1 Introduction
Information and Communication Technologies (ICT) have gone quite a long way, with continuous advances in processing and networking technologies, among others, that resulted into a great push towards distributed computing models. This is witnessed by the widespread diffusion of public cloud computing services, along with private cloud models being employed in nearly every sector/industry. These allow for a greater degree of flexibility in resource management paving the way for on-demand, cost-effective distributed computing solutions progressively replacing traditional dedicated infrastructure management.
In the domain of network operators, recent technological trends led to replacing traditional physical networking infrastructures sized for the peak hour with software-based virtualized network functions (VNFs). These are instantiated on-demand and “elastically”, so as to provide the required level of service performance. The new paradigm of Network Function Virtualization (NFV) [11] relies on a flexible general-purpose computing infrastructure managed according to a private cloud paradigm, to provide networking functions at reduced operational costs. As an example, in the Radio Access Network (RAN), a number of different options have been proposed [1] for splitting the functionality among the distributed unit (DU) that needs to stay close to the antenna, vs. the centralized unit (CU) that can be off-loaded to a closeby private cloud data center.
In this context, a number of network functions need high-performance and low end-to-end latency, where a key role is played by the communication overheads experienced by the individual software components participating in each deployed VNF. Such requirements are so tight that NFV has already focused on lightweight virtualization solutions based on operating system (OS) containers, rather than traditional virtual machines (VMs). Moreover, in order to reduce even further the per-packet processing overheads, and at the same time allow for the maximum flexibility in packet processing by the VNF, plenty of experimentation is being done on the use of user-space networking, as opposed to traditional TCP/IP based management of network packets within an OS kernel or hypervisor. While using these kernel bypass1 techniques, among which a prominent position in industry is played by the Data Plane Development Kit (DPDK) [7], one of the key functionality that needs to be preserved is the virtual switching among multiple containers within the same host. This need can occasionally be dropped in presence of hardware support for virtual switching, such as with Single-Root of I/O Virtualization (SR-IOV) [4], letting different containers/VMs use dedicated virtual functions of the same NIC.

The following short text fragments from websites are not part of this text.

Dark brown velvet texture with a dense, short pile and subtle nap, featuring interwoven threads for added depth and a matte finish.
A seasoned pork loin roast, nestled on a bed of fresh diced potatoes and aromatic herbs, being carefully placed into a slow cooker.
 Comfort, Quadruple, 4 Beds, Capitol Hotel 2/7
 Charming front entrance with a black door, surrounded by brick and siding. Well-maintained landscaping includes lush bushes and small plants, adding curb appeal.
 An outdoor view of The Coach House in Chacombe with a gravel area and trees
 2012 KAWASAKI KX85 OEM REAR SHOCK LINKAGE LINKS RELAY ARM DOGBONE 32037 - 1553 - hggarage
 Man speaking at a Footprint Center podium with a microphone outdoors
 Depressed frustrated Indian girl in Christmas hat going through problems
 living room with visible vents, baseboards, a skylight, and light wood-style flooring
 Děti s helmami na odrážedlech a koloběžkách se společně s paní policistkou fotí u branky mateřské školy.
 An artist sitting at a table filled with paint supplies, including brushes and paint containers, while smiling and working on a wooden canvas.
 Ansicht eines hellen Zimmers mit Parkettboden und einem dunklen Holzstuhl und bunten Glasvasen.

Paper Contributions and Structure. In this paper, experimental results are presented comparing different virtual switching and user-space packet processing solutions. The focus is on the maximum achievable throughput for small packets exchanged among containers deployed onto the same host. This highlights the difference in per-packet processing overheads of the compared solutions.
The remainder of this paper is structured as follows. Section 2 introduces basic terminology used throughout the paper, and describes the basic elements of the compared networking/switching technologies. Section 3 describes the testbed we used for the comparative evaluation of the considered technologies, and presents experimental results gathered on a multi-core platform running Linux. Section 4 reviews related literature on the topic, discussing our contribution in relation to prior art. Finally, Sect. 5 contains a few concluding remarks, pointing out future research lines on the topic.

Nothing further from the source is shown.